Accenture’s Newest CCO Says the Consultancy Will Be ‘as Creative as Other Agencies’
Adam Kerj looks to expand Nordic operations
By Patrick Coffee
Accenture Interactive, the digital wing of the larger international consulting group, looks to expand its presence in the Nordic region by hiring a new chief creative officer.
According to the attendant statement, Accenture aims to more actively seek out new business in Sweden, Norway, Denmark and Finland.
Adam Kerj joins the company after serving as CCO at McCann Stockholm and WPP’s J. Walter Thompson in New York, and he was also the first creative lead at Dentsu digital shop 360i. Throughout his career he has led campaigns for such brands as Oreo, HBO, Coca-Cola, Tide and Ben & Jerry’s, and his work has been awarded by the Cannes Lions, One Show and other trade organizations.
Kerj told Adweek that Accenture Interactive can “have a faster impact on a client’s business” due to its lack of a “traditional legacy structure.” He claimed that the sort of experimental work that will often end up in a “lab or center of excellence” in other agencies is “what we do” at Accenture.
Specifically, Kerj cited the creative department’s collaborations with the company’s “robust ecommerce back-end” operations, stating that Accenture, unlike other agencies, can often skip the process of “looking hard to find the people who can actually bring the idea to life” because it has “most of those capabilities internally.”
“Creatively, we can figure out everything more or less by ourselves,” he added.
For that reason, Kerj thinks the consultancy will continue to attract more agency veterans and “non-traditional creatives.”
“What is an idea? How does it look? [We’re] hiring talent that doesn’t have any preconceptions as to how it has to look and behave as an advertising idea,” he said.

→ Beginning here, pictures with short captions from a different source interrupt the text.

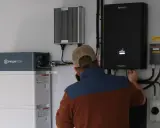 Tekniker kopplar in en ferroamp växelriktare bredvid ett Pylontech batteri.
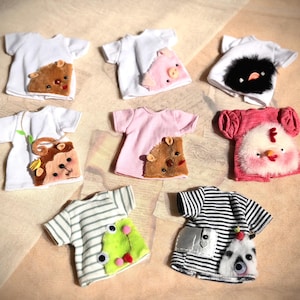May include: A selection of small t-shirts in different colours, each decorated with a unique animal or character design. The shirts feature a variety of creatures, including a bear, pig, panda, and chicken, with details like fur and stripes.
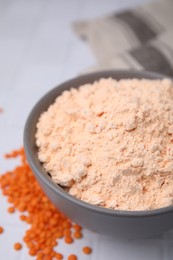 Bowl of lentil flour and seeds on white table, closeup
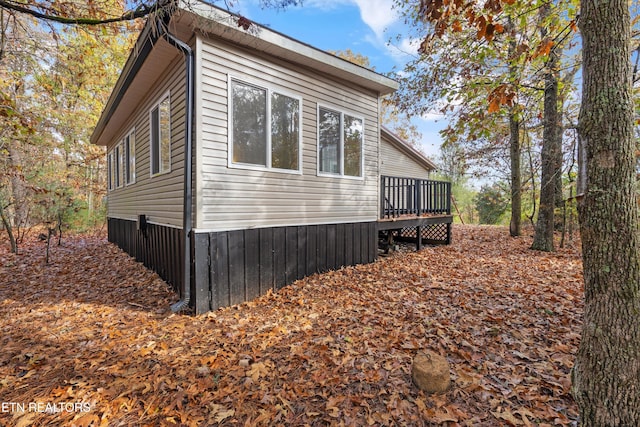 view of side of property with a wooden deck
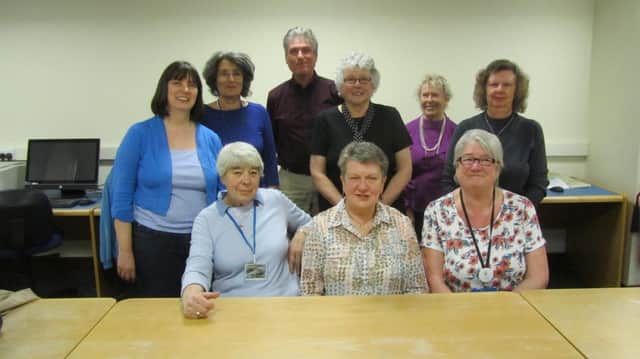 The South Shields library volunteers and staff who are digitalising the photographic archive.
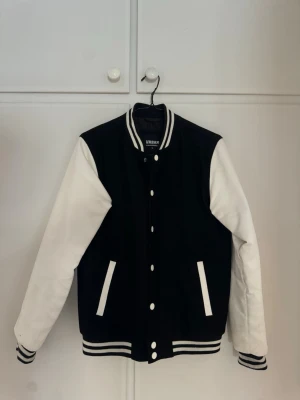 Collegejacka - Collegejacka i fint skick. Från märket Urban Classics med storleken M. Frågor eller funderingar? Bara att skriva. Materialet är relativt tjockt. 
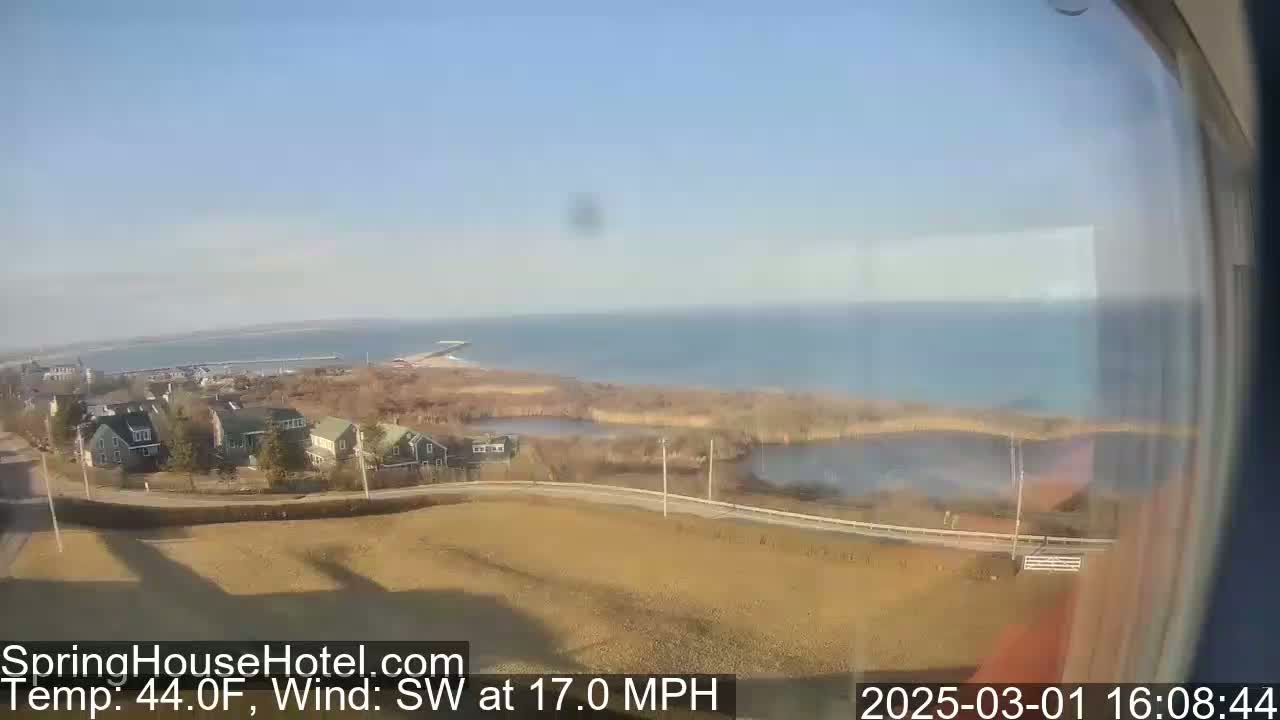 A view from a window shows a coastal town with houses and a body of water under a clear sky, with a southwest wind at 17 miles per hour and a temperature of 44 degrees Fahrenheit.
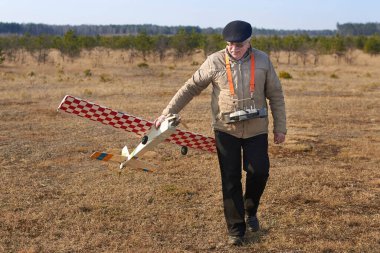 Yaşlı adam kazadan sonra RC uçağını kırık bir pervaneyle tutuyor..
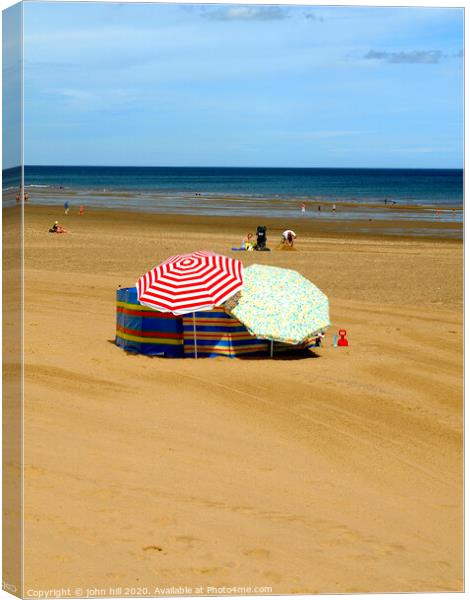 Parasol party at Mablethorpe in Lincolnshire. Canvas Print by john hill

At the same time, he noted that he had pitched against Accenture in his past job at McCann and that other area shops, like Adweek’s 2017 International Agency of the Year Åkestam Holst, will also be competing directly against his new employer.

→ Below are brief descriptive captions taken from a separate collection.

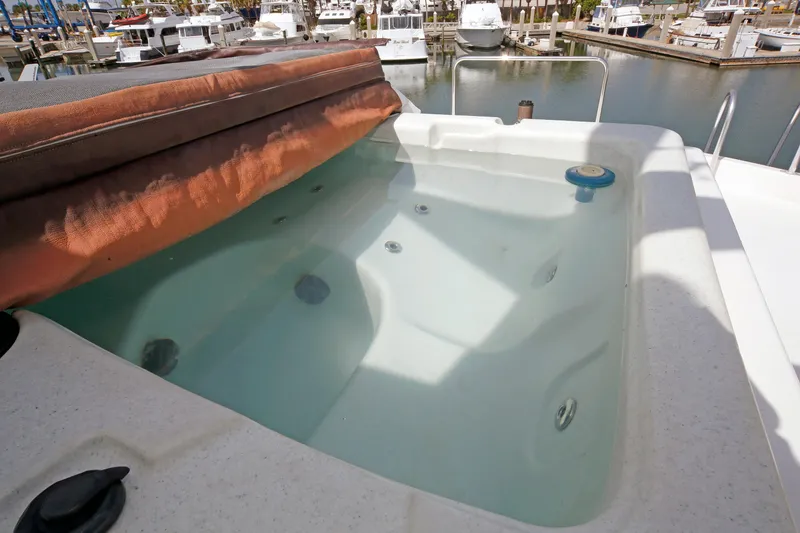 Slide: The Image of Jacuzzi on 1995 Hatteras 74 Cockpit Motor Yacht, docked at marina. - 72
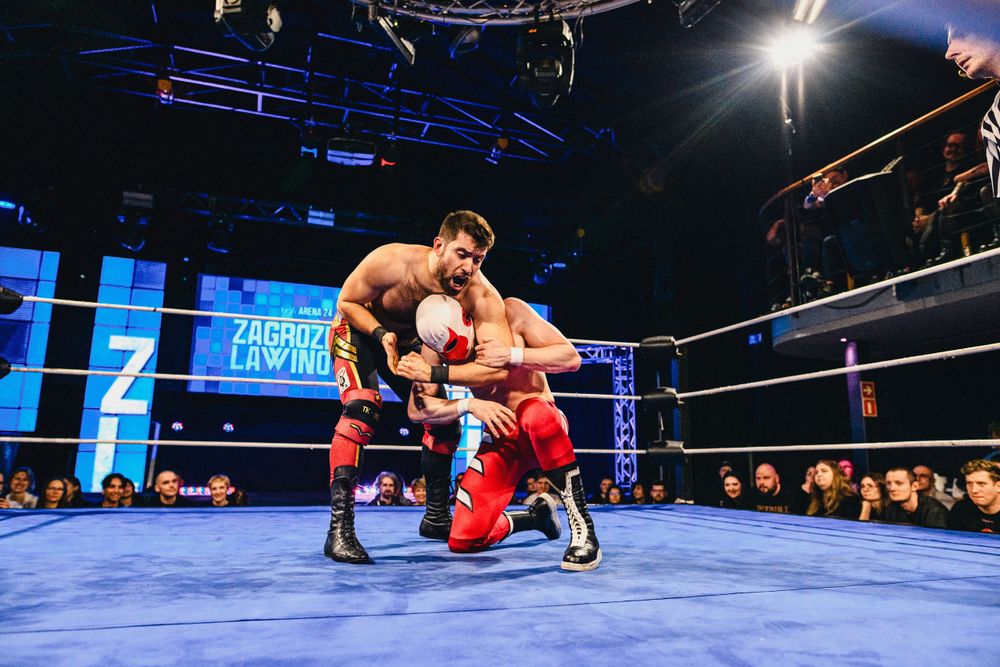 Wrestlers demonstrate their athleticism with a spectacular top rope maneuver in a brightly lit arena.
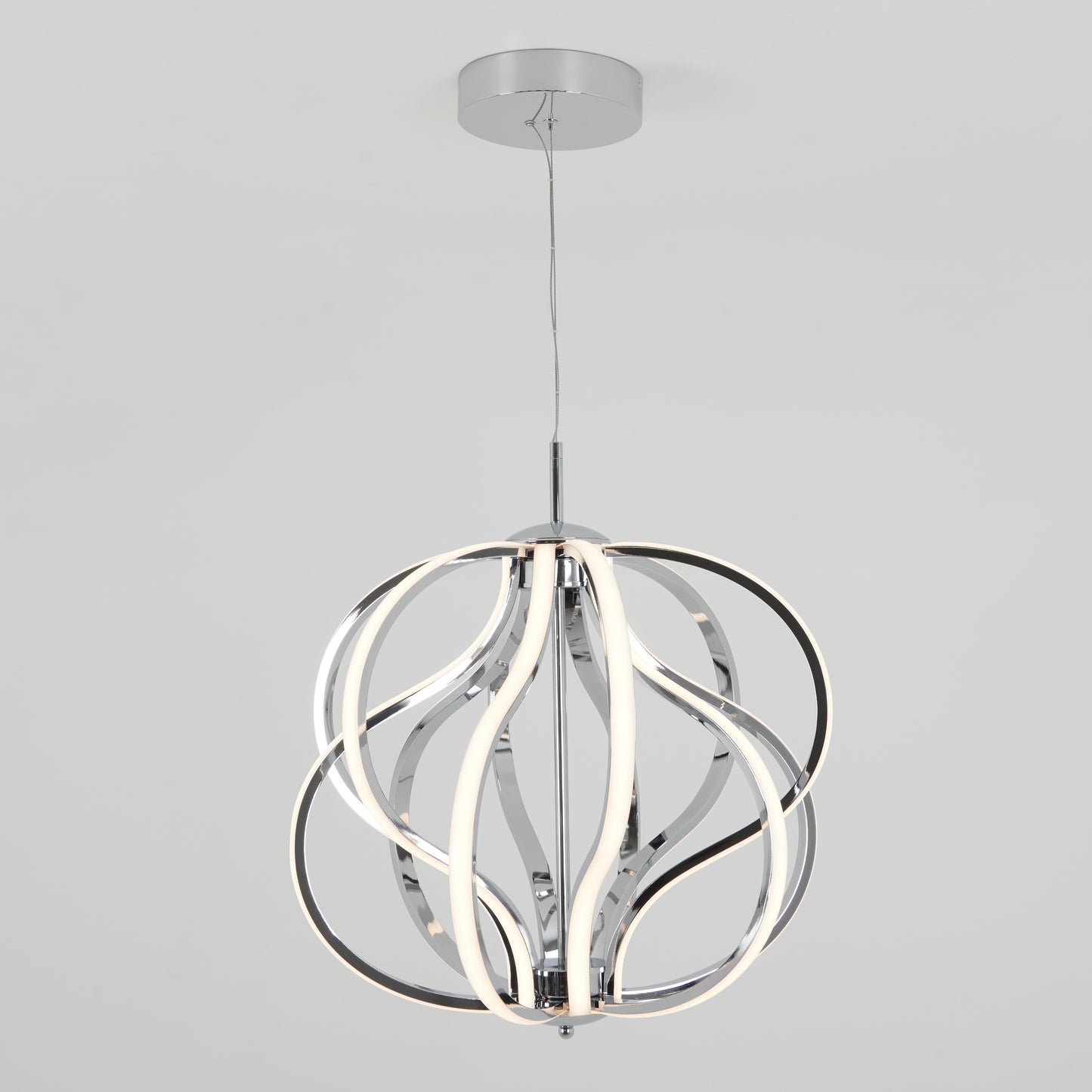 The Artika Meridian LED pendant light features curved chrome-finished metal bands with integrated LED strips, suspended from the ceiling by a thin wire, set against a plain light gray background.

“We will bring something slightly different to the table, but that is absolutely the ambition: to be as creative as other agencies,” he said.
Kerj also noted that Accenture and its work remains somewhat unknown despite all the “buzz around these companies now,” especially in the Nordic region. But the consultancy plans to more actively promote both its presence in these countries and the work it does for clients, starting with his hire.
“We have to be more proactive than most agencies,” he said. “I don’t know that clients understand what an agency can help them with today.”